And of what kind are the men that will strive for this profitable pre-eminence, through all the bustle of cabal, the heat of contention, the infinite mutual abuse of parties, tearing to pieces the best of characters? It will not be the wise and moderate, the lovers of peace and good order, the men fittest for the trust. It will be the bold and the violent, the men of strong passions and indefatigable activity in their selfish pursuits. These will thrust themselves into your government, and be your rulers. And these, too, will be mistaken in the expected happiness of their situation, for their vanquished competitors, of the same spirit, and from the same motives, will perpetually be endeavoring to distress their administration, thwart their measures, and render them odious to the people.
Mayo Williamson Hazeltine, ed., Orations from Homer to William McKinley, vol. 5 (New York: P. F. Collier and Son, 1902).
6. PATRICK HENRY CALLS FOR AN END TO SLAVERY’S “LAMENTABLE EVIL,” JANUARY 18, 1773
Many of the founders and other influential leaders of the time had conflicting feelings about the slave trade. For those who were both slave owners and Christians, it was especially problematic to defend the practice. Patrick Henry, upon receiving a book from his friend Robert Pleasants condemning slavery, wrote this letter:
PATRICK HENRY. Image source: U.S. Library of Congress.
Sketch is from the original painting in the possession of the family.
Etched by Albert Rosenthal, Philadelphia, 1888.
Dear Sir:—I take this opportunity to acknowledge the Receipt of Antho Benezet’s Book against the Slave trade. I thank you for it. It is not a little surprising that Christianity, whose chief Excellence consists in Softening the Human heart, in cherishing and improving its finer feelings, should encourage a practice so totally repugnant to the first impressions of Right and Wrong; what adds to the Wonder is, that this abominable practice has been introduced in the most enlightened ages. Times that seem to have pretensions to boast of high Improvements in the arts, sciences, and refined morality, have brought into general use and guarded by many Laws, a species of Violence and Tyranny which our most Rude and Barbarous, but more honest Ancestors detested. Is it not amazing that at a time when the Rights of Humanity are defined and understood with precision in a Country above all others fond of Liberty, that in such an age and such a Country we find men professing a Religion the most Humane, mild, meek, gentle and generous, adopting a Principle as repugnant to humanity as it is inconsistent with the Bible and destructive to Liberty ? Every thinking honest man regrets it in speculation; how few in practice from Conscientious motives!
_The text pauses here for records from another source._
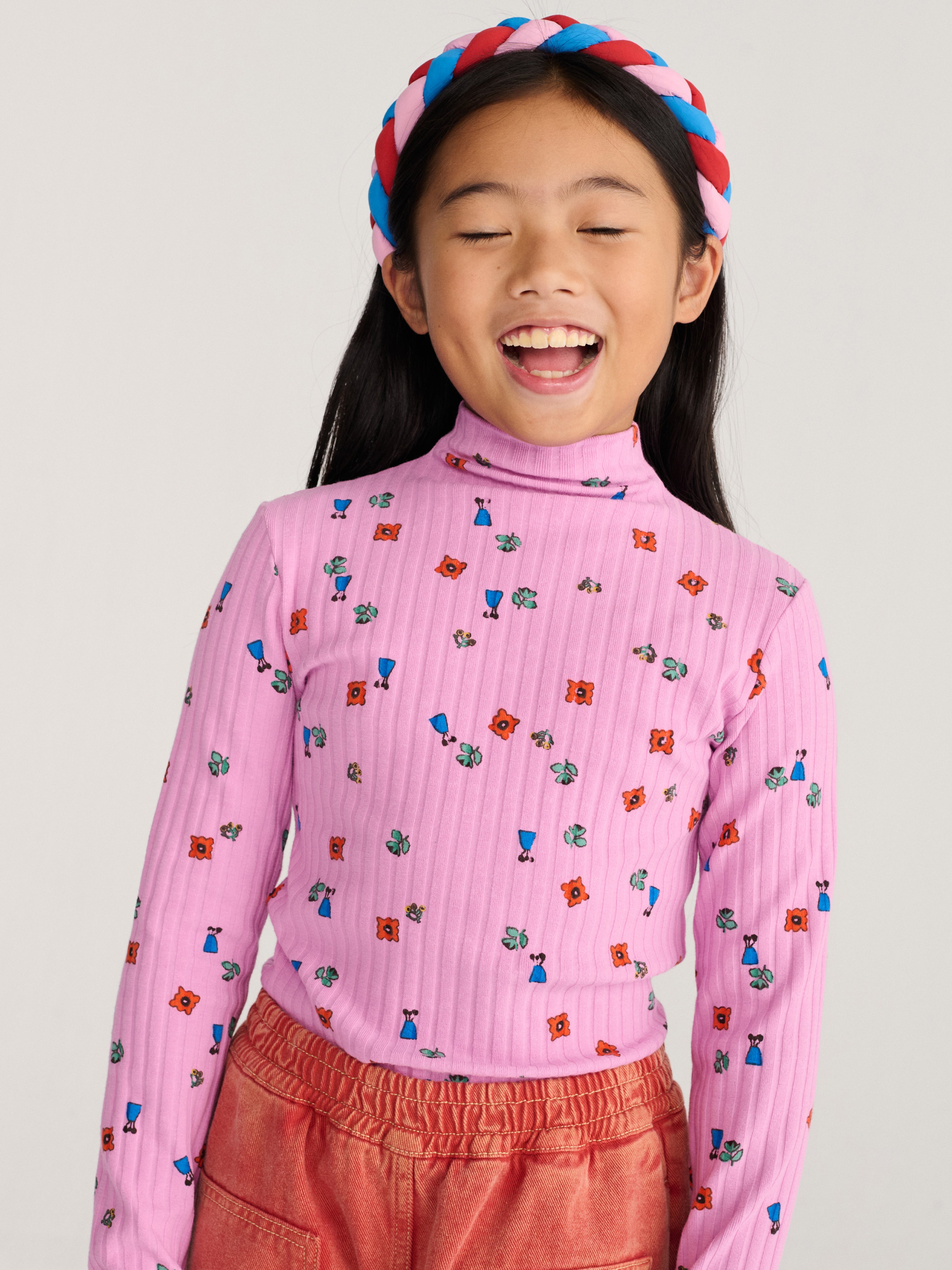 Bobo Choses - All-over floral turtleneck T-shirt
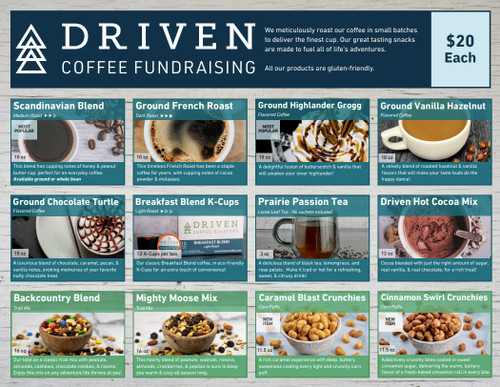 driven coffee fundraiser for schools, organizations and sports teams
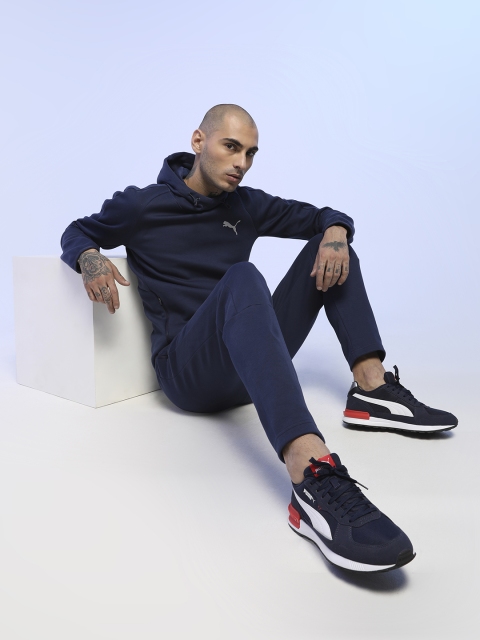 

Puma Unisex Navy Blue Solid Graviton Trainers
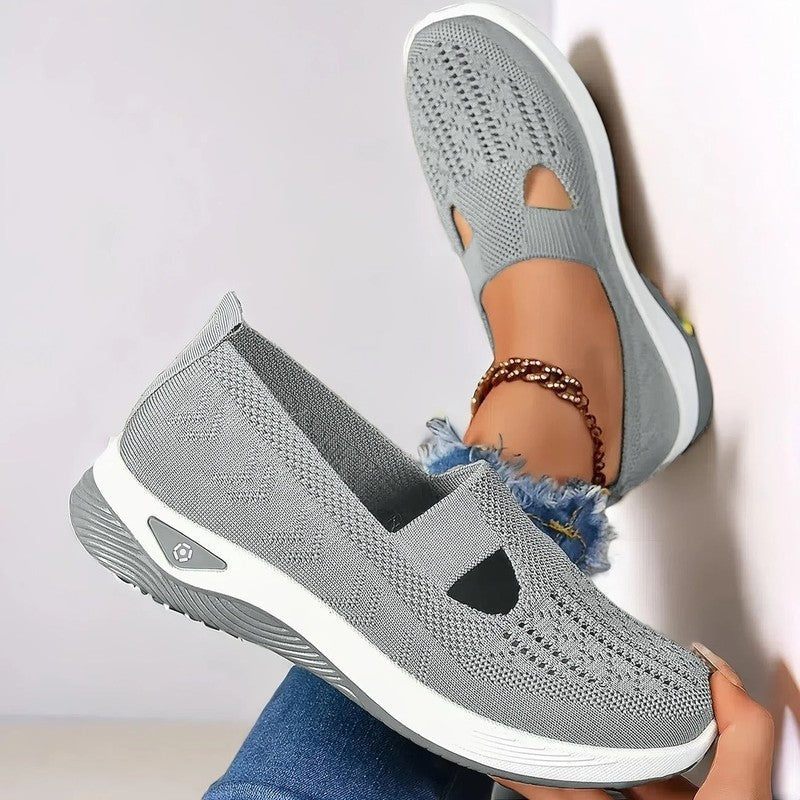 Women’s Knit Slip-On Walking Shoes
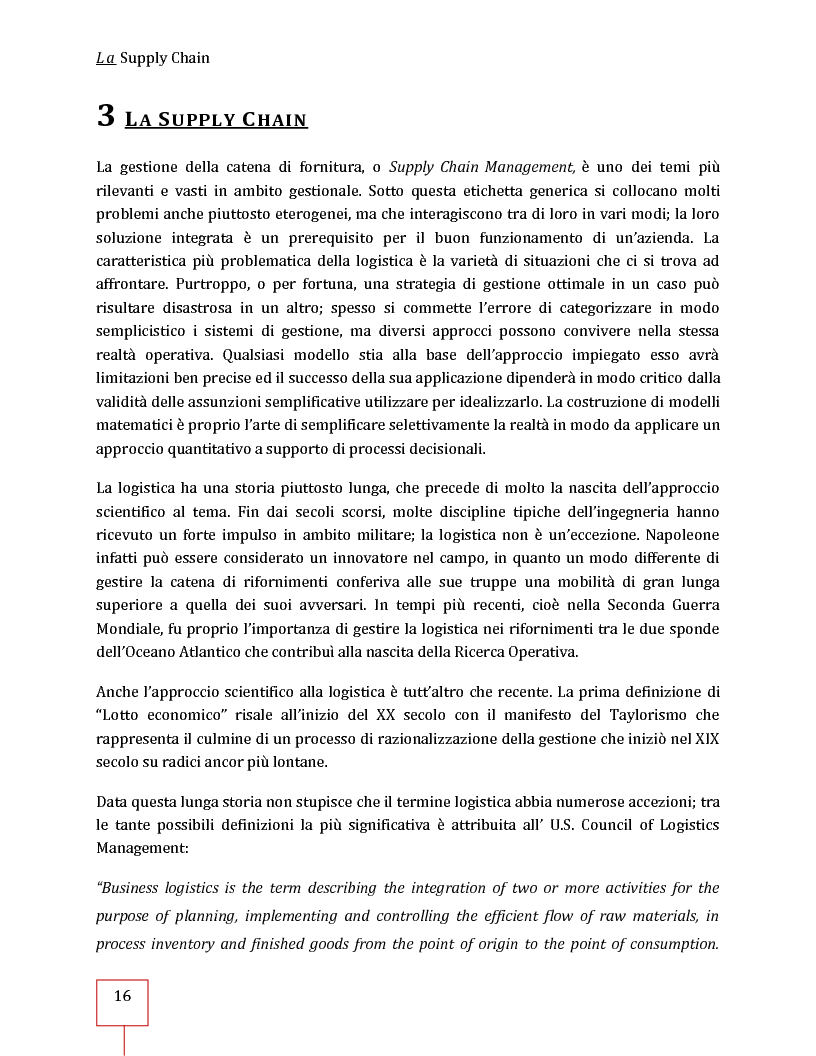 Anteprima della tesi: Performance Management applicato ad una Supply Chain: il caso CNH Italia Spa, Pagina 3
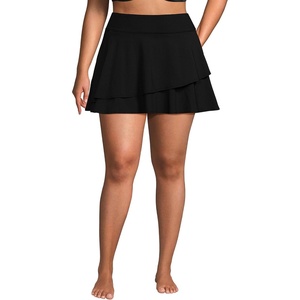 Lands’ End Women’s Tulip Hem Swim Skort(Black)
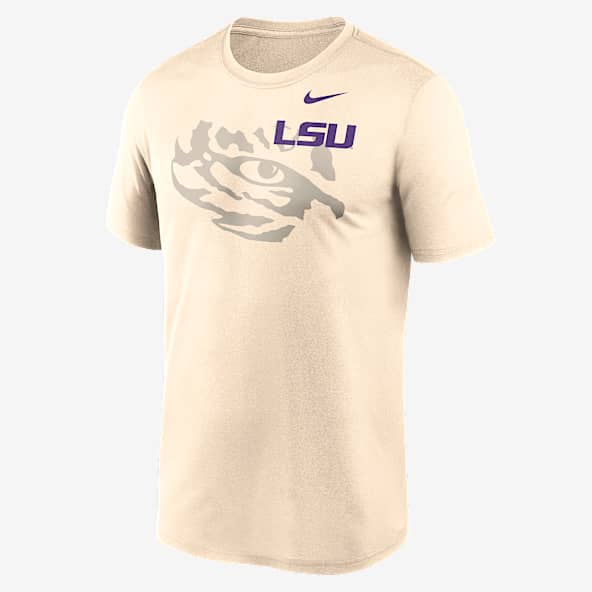 LSU Campus Legend Shadow Logo Men's Nike Dri-FIT College T-Shirt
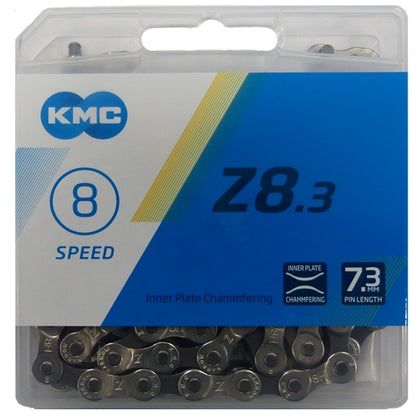 Fahrrad Verschleißset Kassette MASE Sports 8 Speed 11-34 / Kette KMC Z8.3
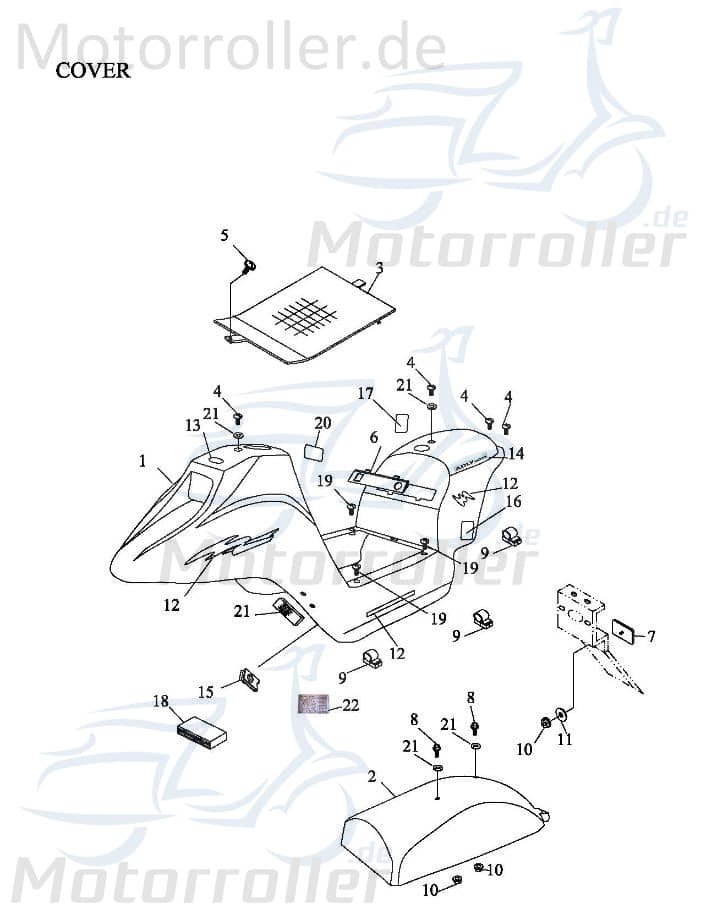 Adly Schraube M6x18mm Innensechskant ATV 50 V Quad 50ccm 2Takt Motorroller.de Innensechskantschraube Maschinenschraube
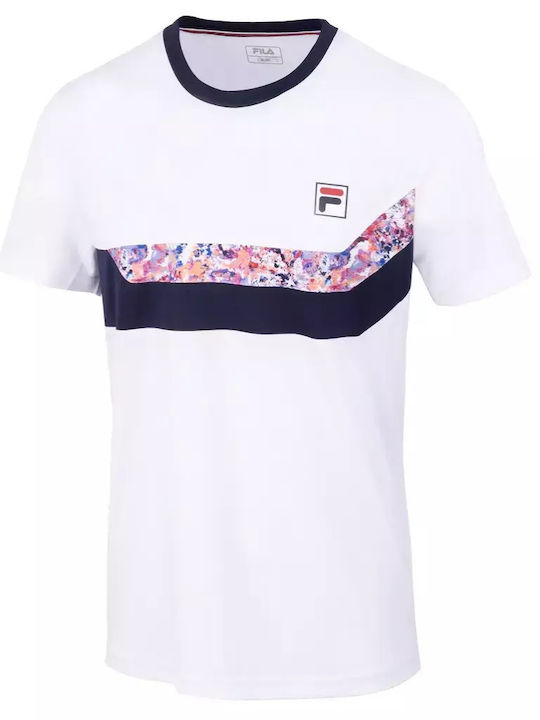 Fila Luca Herren Sport T-Shirt Kurzarm Weiß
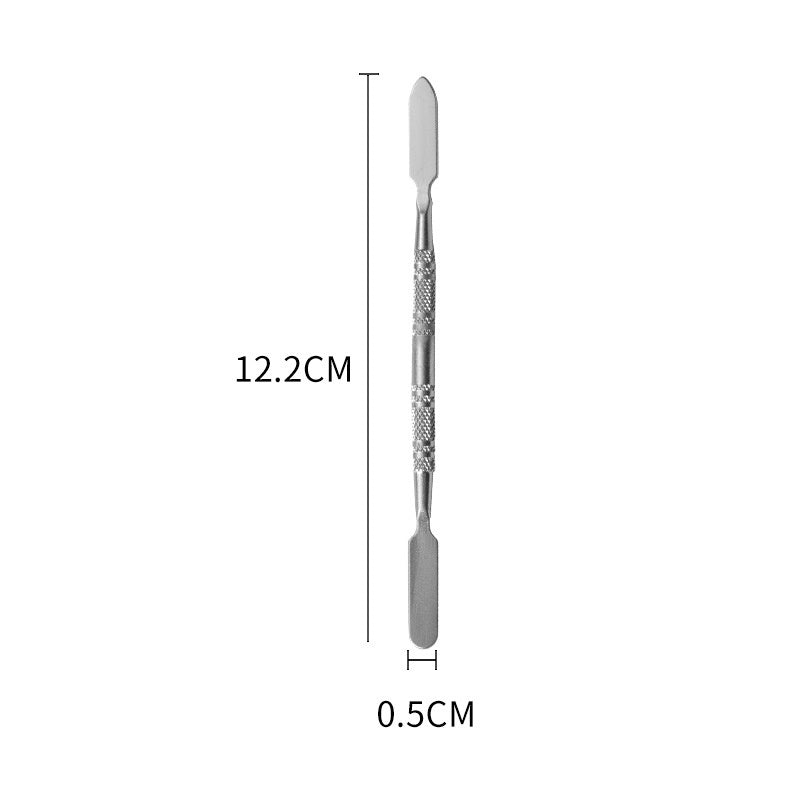 Beauty Salon Stainless Steel Mixing Palette & Spatula – Makeup & Nail Art Tool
The world in general has denied your people a share of its Honours, but the wise will ascribe to you a just Tribute of Virtuous Praise for the Practice of a train of Virtues among which your Disagreement to Slavery will be principally ranked. I cannot but wish well to a people whose System Imitates the example of Him who was perfect, and believe me I shall honour the Quakers for their noble Effort to abolish Slavery. It is equally calculated to promote moral and political good. Would any one believe I am Master of Slaves of my own Purchase? I am drawn along by the general inconvenience of living without them. I will not, I cannot, justify it. However culpable my conduct I will so far pay my devoir to Virtue as to own the Excellence and rectitude of her Precepts and to lament my want of conformity to them. I believe a time will come when an opportunity will be offered to abolish this lamentable Evil. Everything we can do is to improve it if it happens in Our Day, if not, let us transmit to our Descendants, together with our Slaves, a pity for their unhappy Lot, and an abhorrence for Slavery.
If we cannot reduce this wish’d for Reformation to practice, let us treat the unhappy Victims with lenity; it is the furtherest advance we can make towards Justice. It is a Debt we owe to the Purity of our religion, to show that it is at Variance with that Law which warrants Slavery. Here is an instance that Silent Meetings, (the Scoff of reverend Doctors), have done that which learned and Elaborate Preaching could not effect,—so much preferable are the genuine dictates of Conscience and Steady attention to its feelings, above the Teachings of those men who pretend to have found a better Guide: I exhort you to persevere in so Worthy a Resolution.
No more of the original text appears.